REQUIREMENT: Lines to be reproduced exactly: the one that holds "De Engelse dichter" and all those after it through the end of the data. Include no others.

━━ SUPPLIED DATA ━━

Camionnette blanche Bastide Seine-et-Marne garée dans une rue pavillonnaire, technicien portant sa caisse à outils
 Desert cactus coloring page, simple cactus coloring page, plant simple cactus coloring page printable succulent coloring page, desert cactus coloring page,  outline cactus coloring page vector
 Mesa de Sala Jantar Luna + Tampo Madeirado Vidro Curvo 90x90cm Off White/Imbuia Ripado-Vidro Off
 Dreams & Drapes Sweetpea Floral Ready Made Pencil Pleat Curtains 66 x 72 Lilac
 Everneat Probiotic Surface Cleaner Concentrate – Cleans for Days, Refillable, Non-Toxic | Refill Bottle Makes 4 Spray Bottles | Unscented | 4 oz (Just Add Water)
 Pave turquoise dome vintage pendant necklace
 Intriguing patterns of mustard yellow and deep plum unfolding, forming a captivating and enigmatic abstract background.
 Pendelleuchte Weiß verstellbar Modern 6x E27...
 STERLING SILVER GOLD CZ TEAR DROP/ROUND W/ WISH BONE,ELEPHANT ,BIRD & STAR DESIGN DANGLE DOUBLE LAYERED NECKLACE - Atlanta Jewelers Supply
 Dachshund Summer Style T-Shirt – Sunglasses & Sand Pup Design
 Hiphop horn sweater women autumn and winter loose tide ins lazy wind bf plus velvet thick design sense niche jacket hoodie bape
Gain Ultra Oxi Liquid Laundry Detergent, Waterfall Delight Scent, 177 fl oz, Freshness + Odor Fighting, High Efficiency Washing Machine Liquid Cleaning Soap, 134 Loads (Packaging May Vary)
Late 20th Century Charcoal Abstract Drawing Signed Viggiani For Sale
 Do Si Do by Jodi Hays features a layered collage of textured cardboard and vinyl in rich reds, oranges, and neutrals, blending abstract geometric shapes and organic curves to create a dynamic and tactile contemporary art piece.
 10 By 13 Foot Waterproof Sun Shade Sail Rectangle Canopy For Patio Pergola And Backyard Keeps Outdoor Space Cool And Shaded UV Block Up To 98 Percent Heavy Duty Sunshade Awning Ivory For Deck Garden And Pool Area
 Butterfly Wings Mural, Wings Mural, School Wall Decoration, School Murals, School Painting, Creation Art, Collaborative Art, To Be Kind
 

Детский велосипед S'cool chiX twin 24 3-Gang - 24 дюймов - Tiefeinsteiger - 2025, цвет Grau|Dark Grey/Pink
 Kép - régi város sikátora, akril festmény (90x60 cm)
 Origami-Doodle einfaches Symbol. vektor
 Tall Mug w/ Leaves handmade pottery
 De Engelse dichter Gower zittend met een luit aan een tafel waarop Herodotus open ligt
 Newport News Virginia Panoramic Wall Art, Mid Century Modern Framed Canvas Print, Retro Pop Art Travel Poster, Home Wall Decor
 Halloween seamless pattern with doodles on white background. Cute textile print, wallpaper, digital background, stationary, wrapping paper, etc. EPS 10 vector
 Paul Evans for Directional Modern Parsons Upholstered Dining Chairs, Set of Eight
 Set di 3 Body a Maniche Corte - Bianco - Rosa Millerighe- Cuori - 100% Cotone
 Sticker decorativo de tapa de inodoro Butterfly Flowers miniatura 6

━━━

SOLUTION:
 De Engelse dichter Gower zittend met een luit aan een tafel waarop Herodotus open ligt
 Newport News Virginia Panoramic Wall Art, Mid Century Modern Framed Canvas Print, Retro Pop Art Travel Poster, Home Wall Decor
 Halloween seamless pattern with doodles on white background. Cute textile print, wallpaper, digital background, stationary, wrapping paper, etc. EPS 10 vector
 Paul Evans for Directional Modern Parsons Upholstered Dining Chairs, Set of Eight
 Set di 3 Body a Maniche Corte - Bianco - Rosa Millerighe- Cuori - 100% Cotone
 Sticker decorativo de tapa de inodoro Butterfly Flowers miniatura 6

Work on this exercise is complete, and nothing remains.